AIM OF THE TASK | Go through the listing and set it down exactly, leaving out its pictures.

INFORMATION SUPPLIED |
- Opening Delimiter -

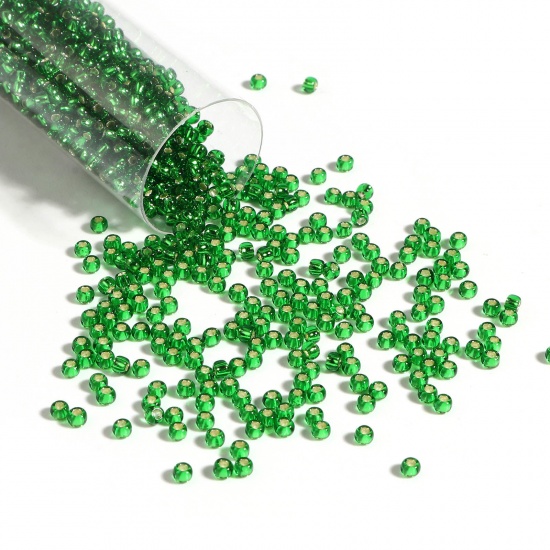 Picture of TOHO 11/0 27B(Silver Lined) Glass Seed Seed Beads Round Dark Green About 2mm Dia., Hole: Approx 0.6mm, 1 Bottle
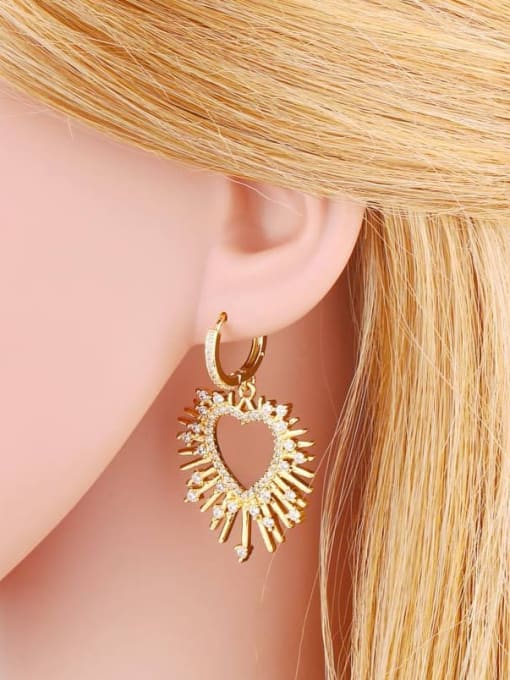 CC Brass Cubic Zirconia Moon Heart Vintage Huggie Earring 1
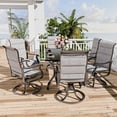thumbnail image 4 of Techmilly Patio Swivel Chairs Set of 2, Outdoor Dining Chairs High Back Padded All Weather Breathable Textilene Outdoor Swivel Chairs , Grey White, 4 of 12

- Closing Delimiter -

TASK RESULT |
 Picture of TOHO 11/0 27B(Silver Lined) Glass Seed Seed Beads Round Dark Green About 2mm Dia., Hole: Approx 0.6mm, 1 Bottle
 CC Brass Cubic Zirconia Moon Heart Vintage Huggie Earring 1
thumbnail image 4 of Techmilly Patio Swivel Chairs Set of 2, Outdoor Dining Chairs High Back Padded All Weather Breathable Textilene Outdoor Swivel Chairs , Grey White, 4 of 12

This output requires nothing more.